### Collected material:
========
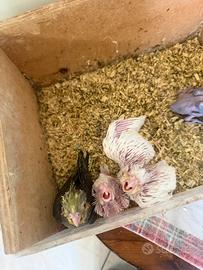 Pappagalli Calopsite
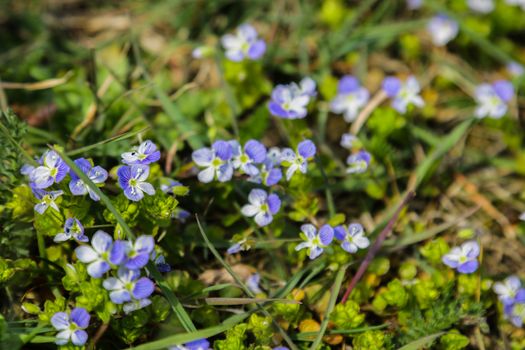 Browallia speciosa flowers in the garden.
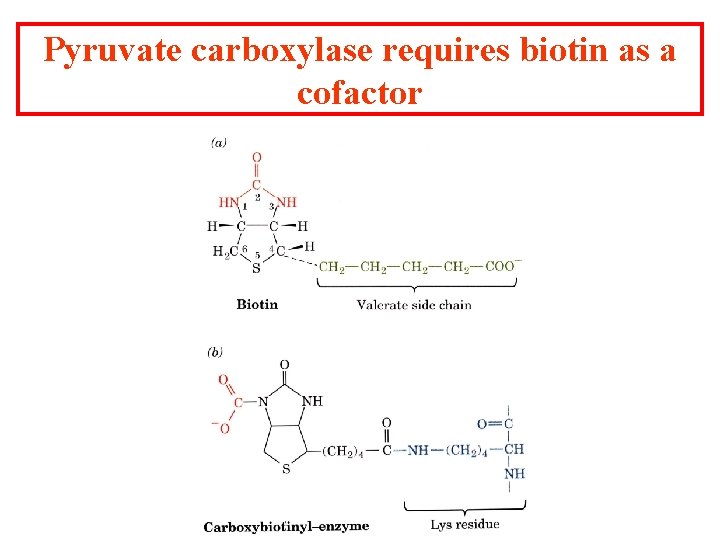 Pyruvate carboxylase requires biotin as a cofactor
========
### What to work on:
Exclude every picture and restate the listing word for word.

### Exercise output:
 Pappagalli Calopsite
 Browallia speciosa flowers in the garden.
 Pyruvate carboxylase requires biotin as a cofactor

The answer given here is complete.